An diesem "Polizeiruf" sieht man mal wieder, was ein wirklich gutes Drehbuch ausmacht. Die wendungsreiche, extrem fiese Geschichte hat sich Jan Braren ausgedacht, der 2012 für seinen viel gelobten Cyber-Mobbing Film "Homevideo" einen Grimmepreis gewann. Braren sorgte 2017 auch für den vielleicht besten "Tatort"-Fall Charlotte Lindholms (Maria Furtwängler), als er den auf einer wahren Geschichte beruhenden, tragisch endenden Fall eines zu Unrecht des Mordes an seiner Ehefrau verdächtigten Mannes in den Ausnahme-Krimi "Der Fall Holdt" verwandelte. Neben Brarens bärenstarken neuen Plot, über den man vorab besser nicht zuviel wissen sollte, muss jedoch die Besetzung der Episodenhauptrollen mit den Ausnahme-Schauspielern Sascha Geršak und Laura Tonke gesprochen werden.

So unterschiedlich die beiden Mimen mit ihrer Kunst umgehen – Geršak (beeindruckend als Hans-Jürgen Rösner in "Gladbeck") mit großer Physis und Wucht, Tonke ("Hedi Schneider steckt fest") als Meisterin der mikroskopisch kleinen Gesten -, in diesem Film performen sie als "White Trash"-Pärchen so grandios, dass man als Zuschauer mit offenem Mund zurückbleibt.

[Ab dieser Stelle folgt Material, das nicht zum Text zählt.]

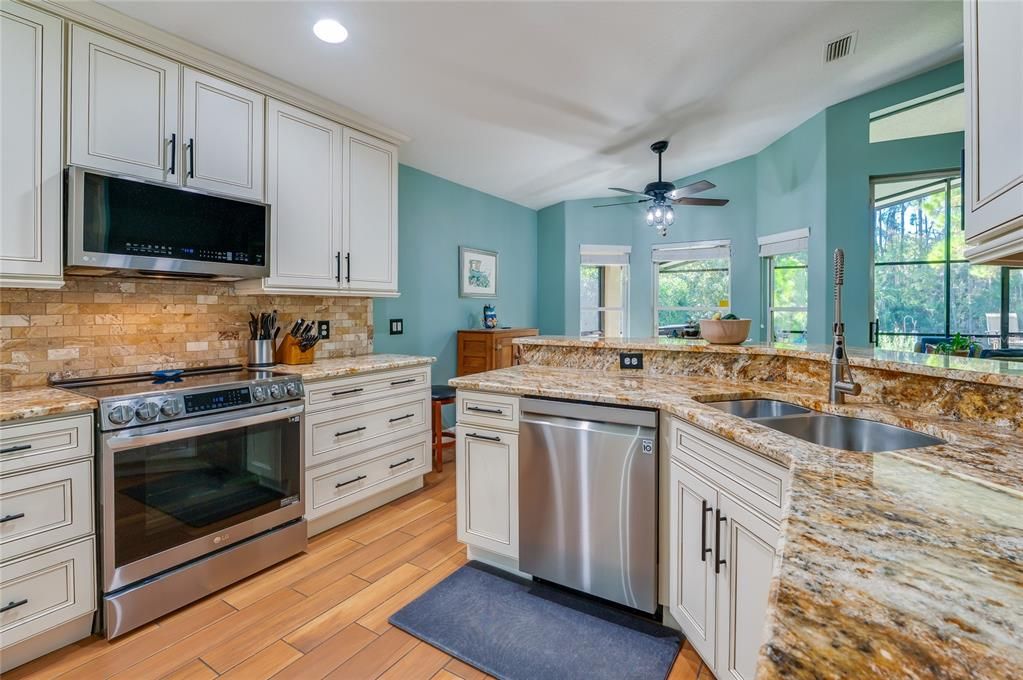 待售: $409,900 (4 贝兹, 2 浴室, 1862 平方英尺)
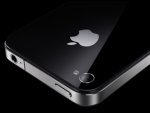 Apple ��������� ������������ iPhone 4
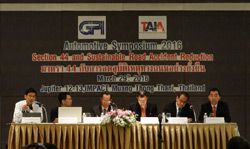 Kriangsak (third from right), joins other experts at the Automobile Symposium 2016.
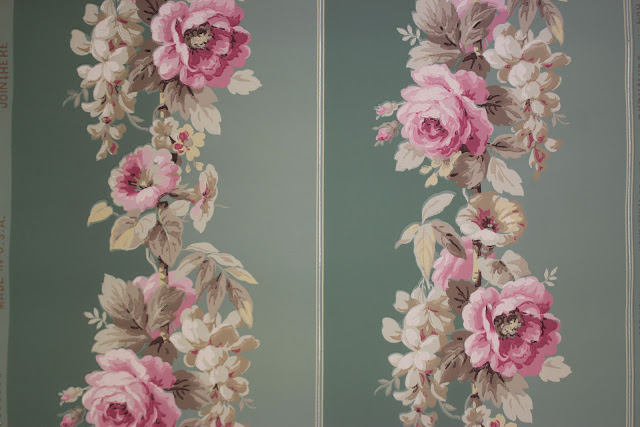 Rosie S Vintage Wallpaper I Buy And Sell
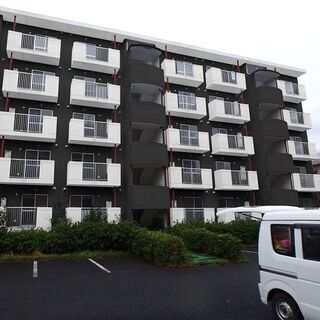 初期費用２０，０００円のだけです。分割払いなどはありません。家賃...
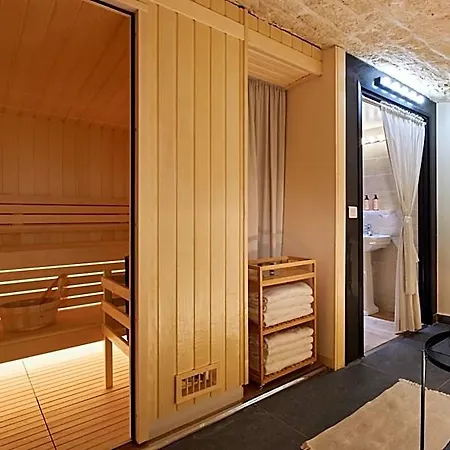 Les Théâtres Hotel Parigi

Dass man "Der Verurteilte" ausgerechnet in der Post-Weihnachtszeit – also der erweiterten "Besinnlichkeitsphase" zwischen den Jahren – platzierte, ist zumindest erstaunlich. Der Ekel-Krimi aus Madgeburg ist nämlich so ziemlich das Gegenteil eines Weihnachtsfilms und vermittelt auch alles andere als eine frohe Botschaft. Doch egal, Qualität ist Qualität. Und wenn klar festgestellt werden kann, dass dieses späte Krimi-Highlight des Jahres 2020 (Regie: Brigitte Maria Bertele, "Tatort: Die Pfalz von oben") auf jeden Fall der beste Michelsen-"Polizeiruf" ist, kann man es auch als Weihnachtsgeschenk der Magdeburger Macher an die Zuschauer und sich selbst betrachten.